Reminds me to mention that I still think Roberts is a genius with his Obamacare ruling. You see, the case can still be challenged. Roberts said it’s a tax. Well, you can’t challenge a tax until you pay it, per law. So, once someone starts paying it, he may get a libertarianish twofer. The first being the court actually acknowledges the commerce clause exists. And someone challenging a tax. Sure, I’m way out on a limb but you never know.
July 18th, 2012 at 9:48 am
He said that Congress didn’t intend it to be covered by the Anti-Injunction Act, so they could rule on it before someone paid the tax. It’s a smaller split-the-baby — the Anti-Injunction Act is kinda an unconstitutional infringement by the legislative branch on the executive branch, but one that justices like in the overwhelming majority of cases — which is why it is tremendously illogical, but it means that the mandate tax itself can’t be successfully challenged again*.
* Barring information not present in the first case, such as if the IRS were to enforce it so heavily that it became a punishment instead of a tax. That’d require possible imprisonment or ~10% of income tax rates, from the case law.
July 18th, 2012 at 10:40 am
“The first being the court actually acknowledges the commerce clause exists.”

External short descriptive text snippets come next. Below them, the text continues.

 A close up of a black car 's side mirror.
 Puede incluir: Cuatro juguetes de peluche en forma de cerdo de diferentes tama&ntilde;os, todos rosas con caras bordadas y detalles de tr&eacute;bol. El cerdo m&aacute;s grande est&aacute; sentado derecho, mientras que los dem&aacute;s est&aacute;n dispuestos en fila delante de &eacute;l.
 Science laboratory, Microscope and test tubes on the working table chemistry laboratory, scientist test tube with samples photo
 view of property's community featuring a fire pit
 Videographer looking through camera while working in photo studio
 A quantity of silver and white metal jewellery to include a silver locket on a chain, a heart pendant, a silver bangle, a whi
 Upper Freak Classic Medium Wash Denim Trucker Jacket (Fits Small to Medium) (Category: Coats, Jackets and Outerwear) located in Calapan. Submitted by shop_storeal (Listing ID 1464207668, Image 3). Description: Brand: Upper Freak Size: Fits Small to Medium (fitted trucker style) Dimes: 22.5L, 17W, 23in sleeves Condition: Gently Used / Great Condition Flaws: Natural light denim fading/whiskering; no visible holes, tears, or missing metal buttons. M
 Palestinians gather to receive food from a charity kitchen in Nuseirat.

I was under the impression that they have always acknowledged that it existed. It’s just that this time they said the government had over-reached its authority.
July 18th, 2012 at 1:19 pm
Look Roberts screwed the American people over. No ifs ands or buts about it. More power to the gov’t.

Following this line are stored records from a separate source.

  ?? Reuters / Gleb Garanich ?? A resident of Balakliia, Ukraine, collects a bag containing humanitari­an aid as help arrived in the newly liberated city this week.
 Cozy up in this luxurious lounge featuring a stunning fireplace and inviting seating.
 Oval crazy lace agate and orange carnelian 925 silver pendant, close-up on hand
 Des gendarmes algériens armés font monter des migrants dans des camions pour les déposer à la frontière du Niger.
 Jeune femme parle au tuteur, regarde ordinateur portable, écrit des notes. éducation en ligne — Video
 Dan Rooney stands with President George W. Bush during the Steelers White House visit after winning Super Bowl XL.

July 18th, 2012 at 6:16 pm
If he made the decision based on politics, he should resign.
Waaaaay outside the scope of the court’s authority (though none of them seem to care or acknowledge that).
Also, all revenue bills have to originate in the House.
This did not.
July 18th, 2012 at 9:46 pm
Well, it’s not the ruling I’d have preferred. But he did say that the Supreme Court’s job is not to save the country from bad political choices. That’s entirely correct and if you look at this in long perspective, it’s a libertarian point, telling us to sit up, take responsibility, and choose politics carefully.
The Left has long gotten its way by using the SC to legislate what they couldn’t get through Congress.
As I read it, Roberts’ message was this: elect better people and hold them to account through elections.
I suspect Roberts also slipped the Commerce Clause (a source of much Lefty statism) a poison pill in that he declared there are limits to what the Commerce Clause can be stretched to cover. But these are all abstract, long-game gambits — and I’d much prefer that he slapped it down hard.
Yet perhaps not coincidentally, by upholding Obamacare. he made BHO’s re-election less likely because the law is widely unpopular and the best route to repeal and erase is now with a new administration.
Of course, that was before BHO committed his beaut of a game-changing faux pas “(You didn’t build that…:”) last week. Short take? My hunch (and indeed fervent hope) is that this one comment cost him the election.
In it he reveals how thoroughly un-American he is in word, thought, and deed. This guy — who appears to be a good family man — is nonetheless a total product of today’s academy.
And that’s where he should have stayed and never entered politics, for which he’s manifestly unsuited. So let’s get him back to his natural environment as soon as possible.